“We’re gonna-gonna-gonna take over the world,” chants Jaimie Branch with breakneck urgency. “Give it give it give it back-back-back to the la-la-la land.” Her fury in this song, “Take Over the World,” is fueled by her blaring trumpet, Jason Ajemian’s galloping double bass, Lester St. Louis’s slippery cello and Chad Taylor’s cascades of drums. And as punctuation at the end of each of many repetitions/variations on that chant, Branch becomes a charging warrior or enraged beast, letting out a fierce “ahhhh-wooooooooo.”

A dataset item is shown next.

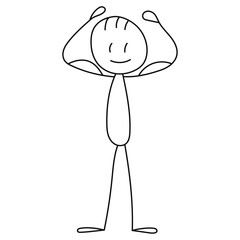 stick figure strong man, isolated, vector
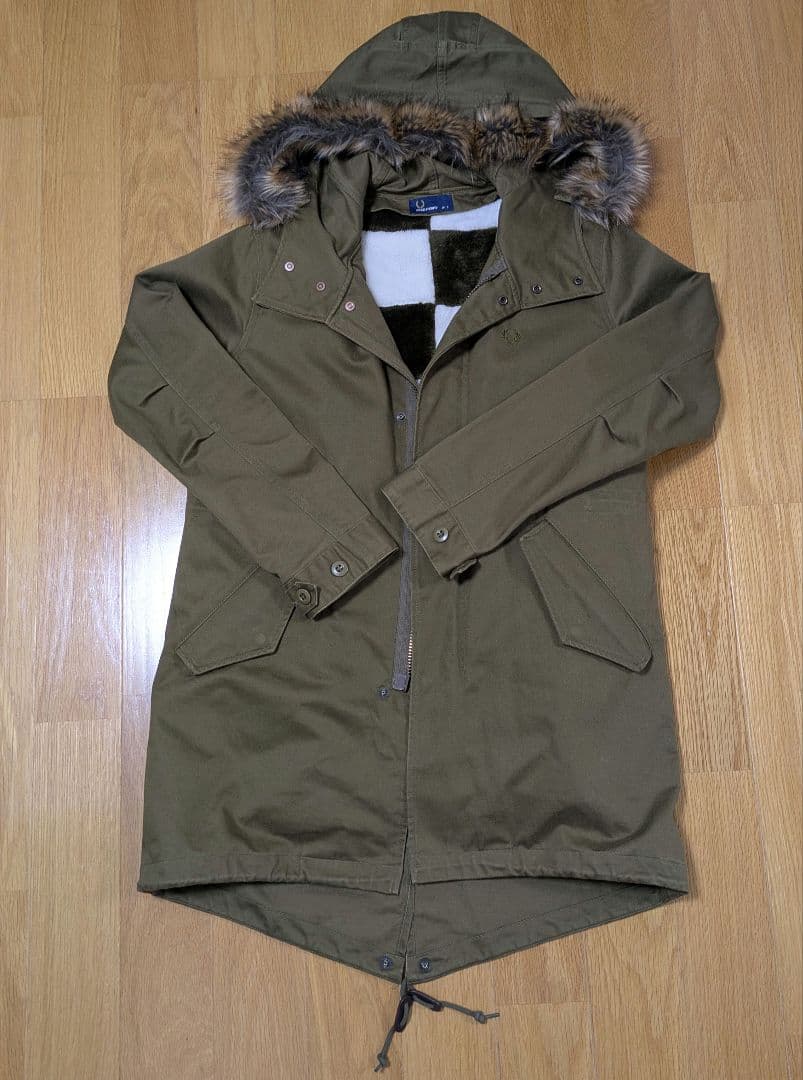 【フレッドペリー】モッズコート　ブロックチェックボアライナー　カーキ　S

It’s arguably a candidate for punk anthem of the year. But it comes on a collection that is arguably a candidate for jazz album of the year: Fly or Die Fly or Die Fly or Die ((world war)). Branch likely would argue that this is both punk and jazz — or neither. Well, would have argued, She died last year at 39 of an accidental drug overdose at home in Brooklyn, just as she was cementing her stature as an artist un-hemmed by genres and with seemingly limitless potential, not just with her own music, but as an in-demand collaborator for artists ranging from jazz giants William Parker and David Murray to Brazilian samba icon Elza Soares to art-rockers TV on the Radio and Spoon.
Recorded four months before her death, this fulfills the considerable promise of two previous studio albums as a leader and one live set — all featuring Fly or Die in the title — with expression as deep and visionary as it is immediate and visceral, whether pieces with vocals or instrumentals, incendiary or somber.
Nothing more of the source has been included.